=== Data to examine ===

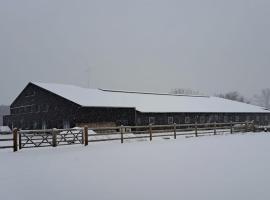 Lindehoeve, apartamento en Heusden-Zolder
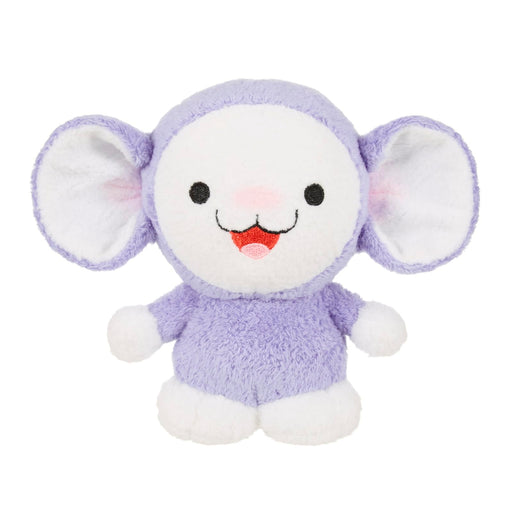 Sekiguchi Chimpui Tocotoco Plush Toy H14 W16.5 D9Cm 699773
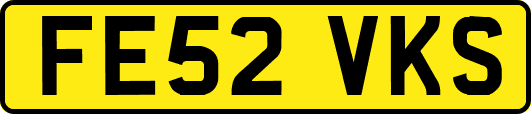 FE52VKS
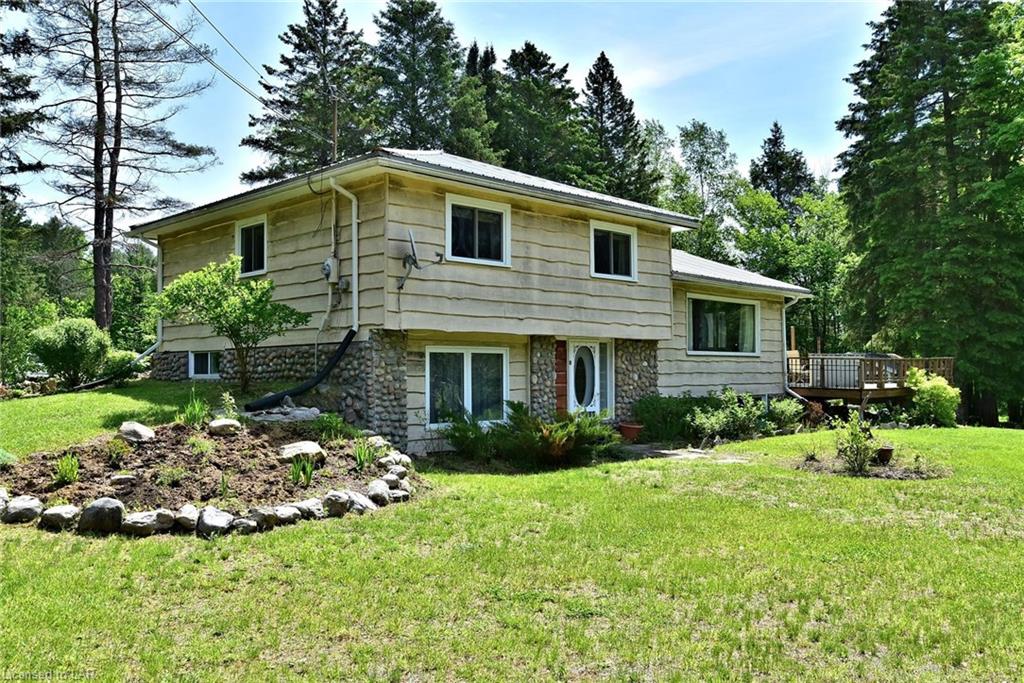 4320 COUNTY ROAD 21 ., Haliburton, Ontario (ID 202270)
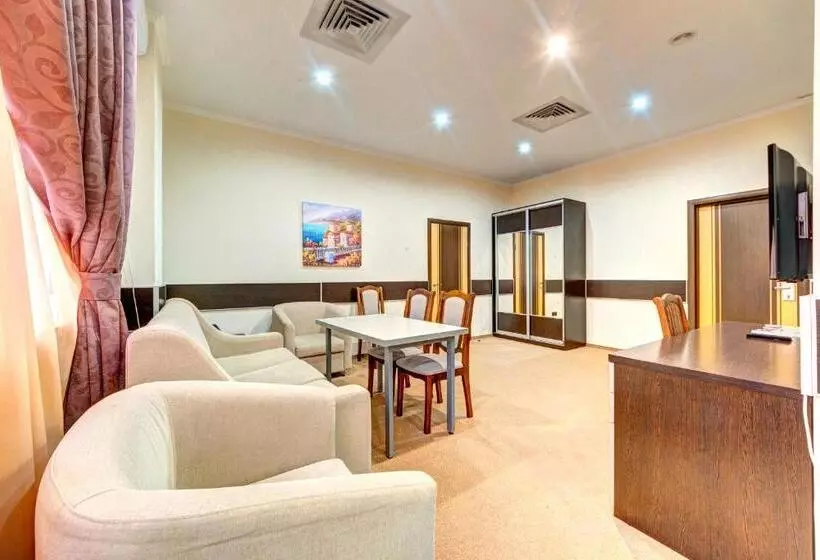 Fotos del hotel Terra Nova Sport&spa:  8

===

## Required action
Could you set down the records above word for word, without any of the pictures?

## Response box
 Lindehoeve, apartamento en Heusden-Zolder
 Sekiguchi Chimpui Tocotoco Plush Toy H14 W16.5 D9Cm 699773
 FE52VKS
 4320 COUNTY ROAD 21 ., Haliburton, Ontario (ID 202270)
 Fotos del hotel Terra Nova Sport&spa:  8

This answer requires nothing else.